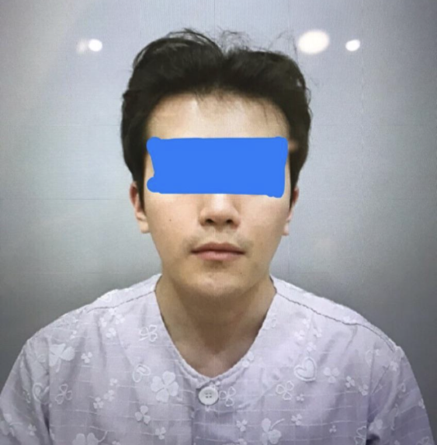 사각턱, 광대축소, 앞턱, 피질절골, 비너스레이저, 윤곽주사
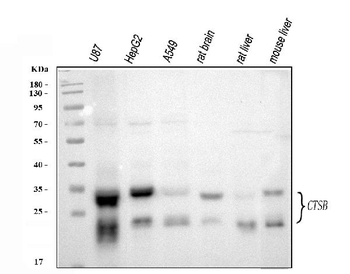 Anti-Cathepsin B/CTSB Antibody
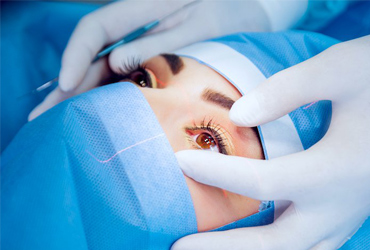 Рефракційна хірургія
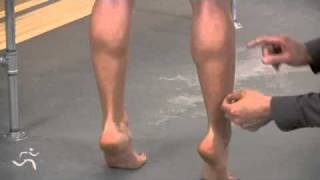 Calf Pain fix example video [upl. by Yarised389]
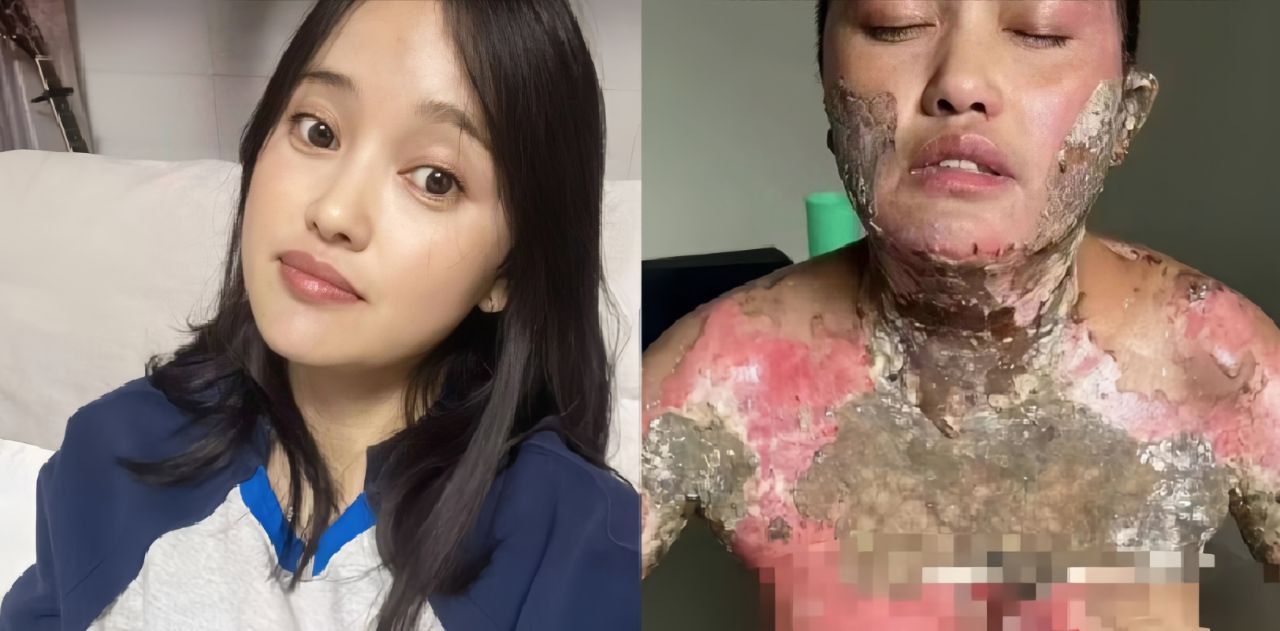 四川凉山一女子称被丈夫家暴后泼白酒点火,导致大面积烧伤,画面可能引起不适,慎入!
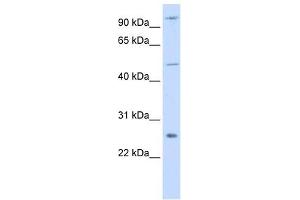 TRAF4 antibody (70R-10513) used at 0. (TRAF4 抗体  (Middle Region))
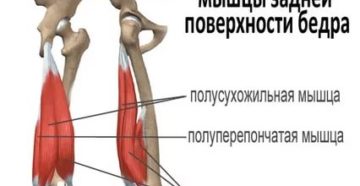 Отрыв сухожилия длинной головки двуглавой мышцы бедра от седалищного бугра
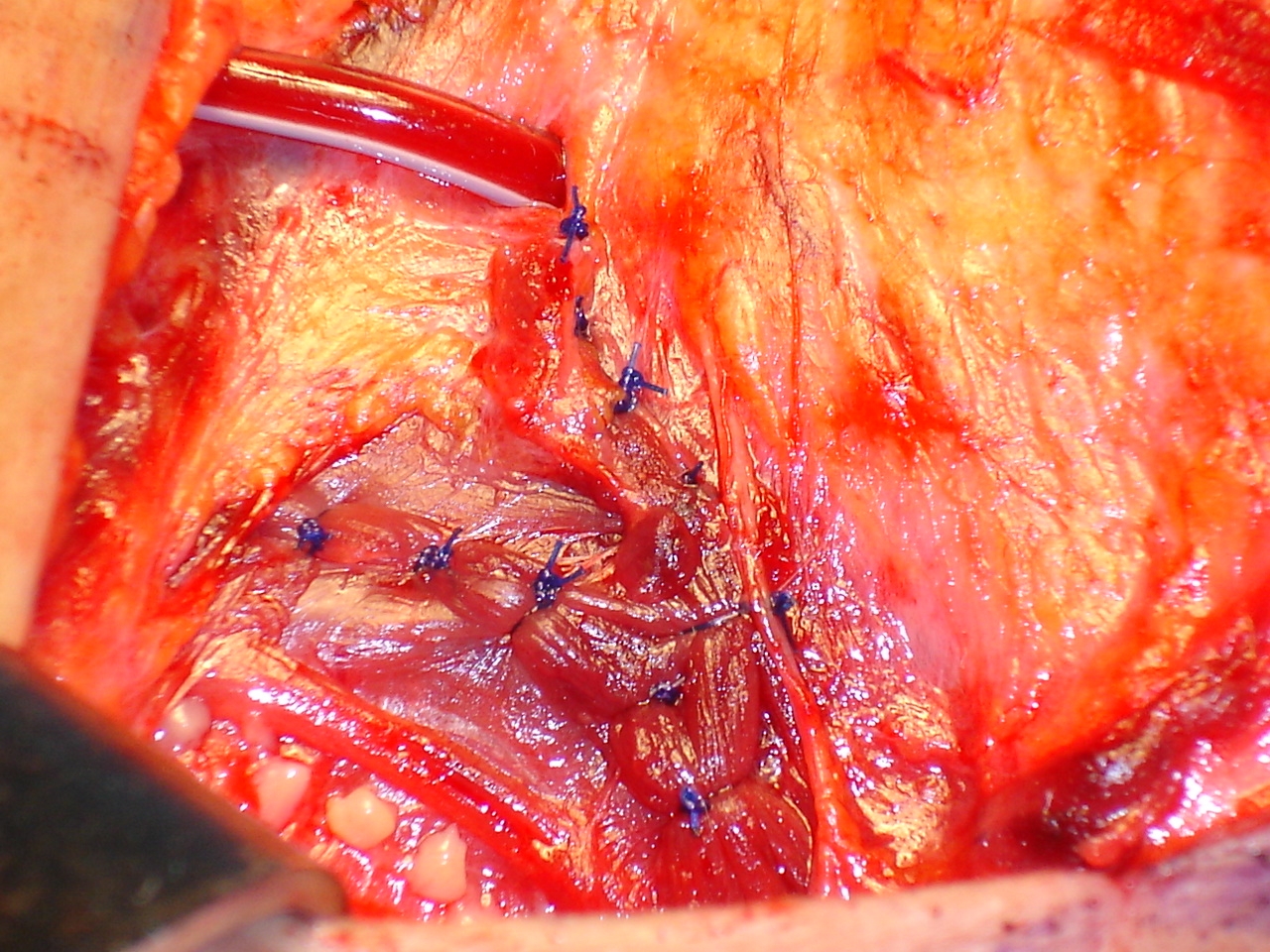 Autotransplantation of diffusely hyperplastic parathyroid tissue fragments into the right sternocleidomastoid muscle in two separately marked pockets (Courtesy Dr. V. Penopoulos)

....................

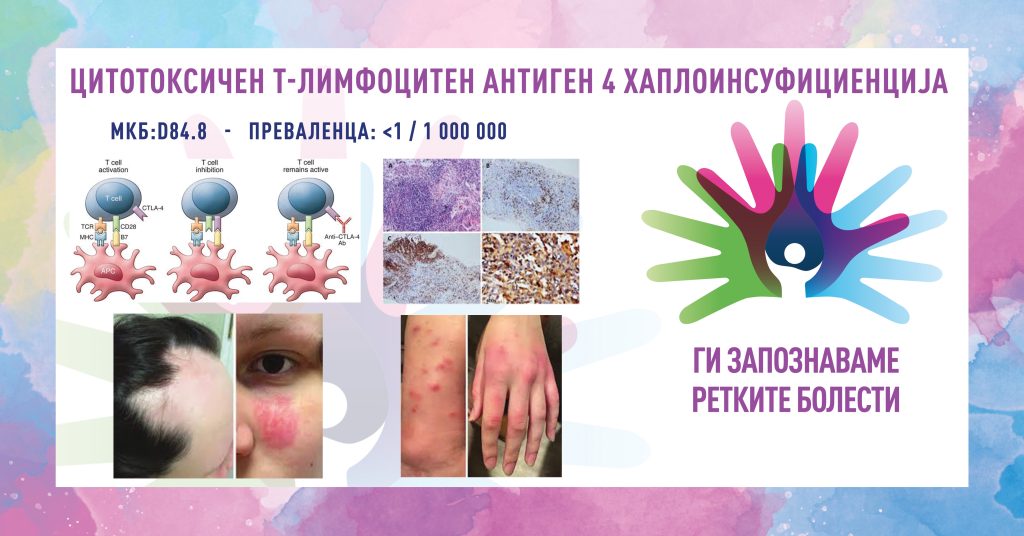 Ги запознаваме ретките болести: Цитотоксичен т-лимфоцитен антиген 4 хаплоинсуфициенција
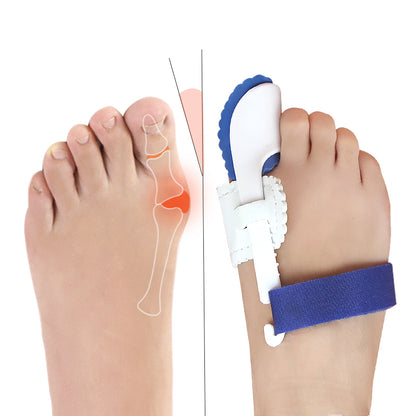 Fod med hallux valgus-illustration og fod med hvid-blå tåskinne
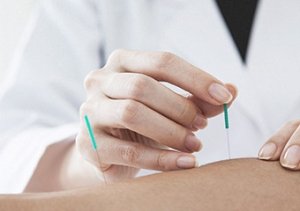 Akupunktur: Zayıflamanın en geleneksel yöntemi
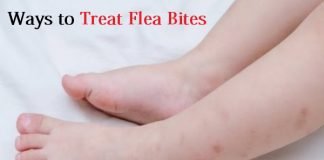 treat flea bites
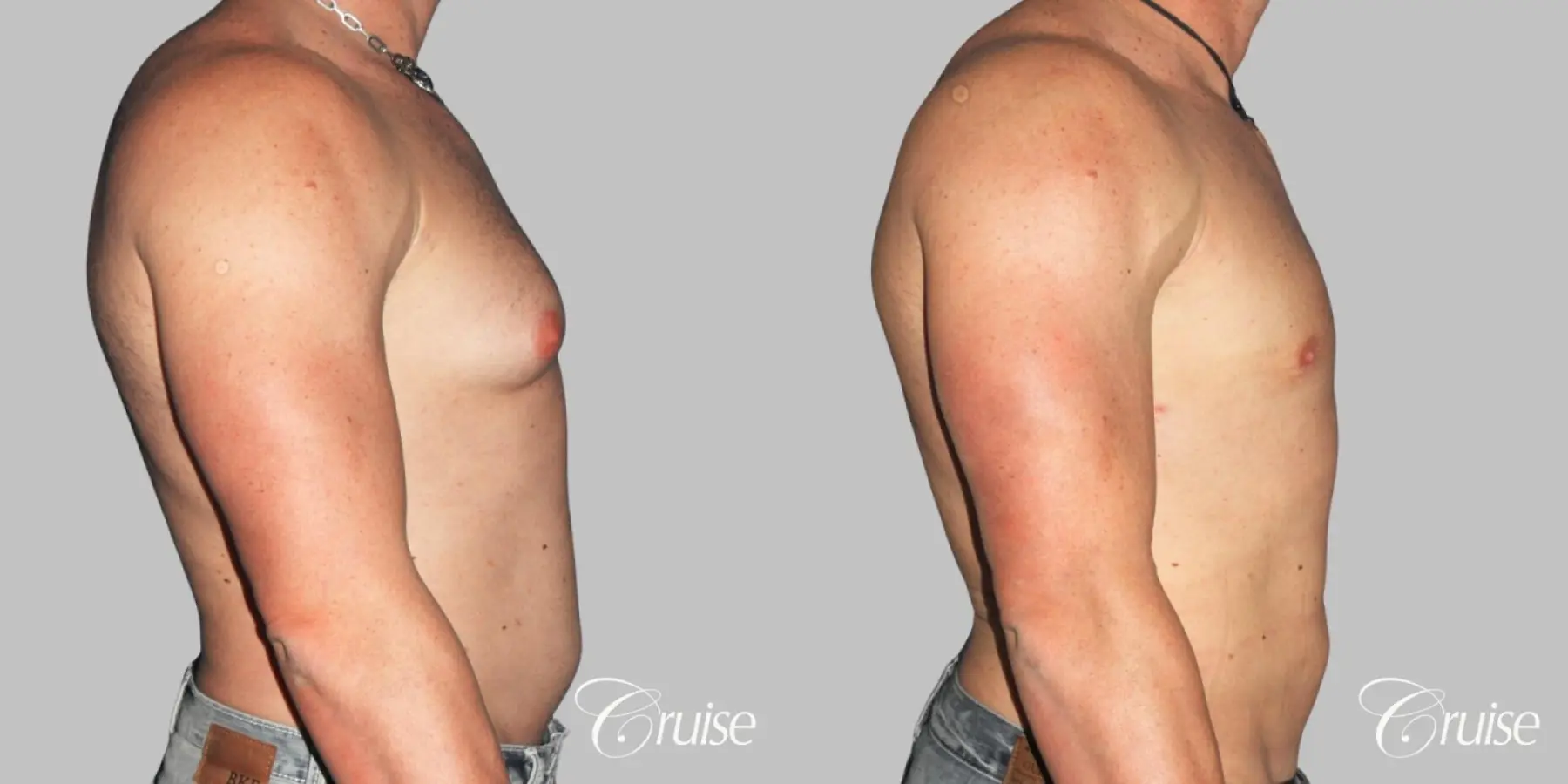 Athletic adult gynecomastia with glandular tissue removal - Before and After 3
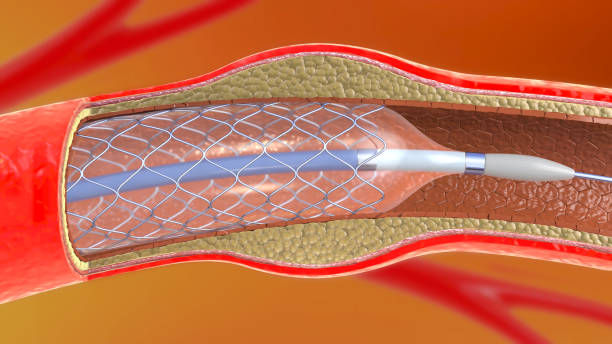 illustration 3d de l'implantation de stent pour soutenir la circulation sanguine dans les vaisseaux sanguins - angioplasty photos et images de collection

....................

The lines above from the line with "사각턱, 광대축소, 앞턱, 피질절골, 비너스레이저, 윤곽주사" through the line with "Autotransplantation of diffusely" are to be given again word for word, with no pictures among them.

 사각턱, 광대축소, 앞턱, 피질절골, 비너스레이저, 윤곽주사
 Anti-Cathepsin B/CTSB Antibody
 Рефракційна хірургія
 Calf Pain fix example video [upl. by Yarised389]
 四川凉山一女子称被丈夫家暴后泼白酒点火,导致大面积烧伤,画面可能引起不适,慎入!
 TRAF4 antibody (70R-10513) used at 0. (TRAF4 抗体  (Middle Region))
 Отрыв сухожилия длинной головки двуглавой мышцы бедра от седалищного бугра
 Autotransplantation of diffusely hyperplastic parathyroid tissue fragments into the right sternocleidomastoid muscle in two separately marked pockets (Courtesy Dr. V. Penopoulos)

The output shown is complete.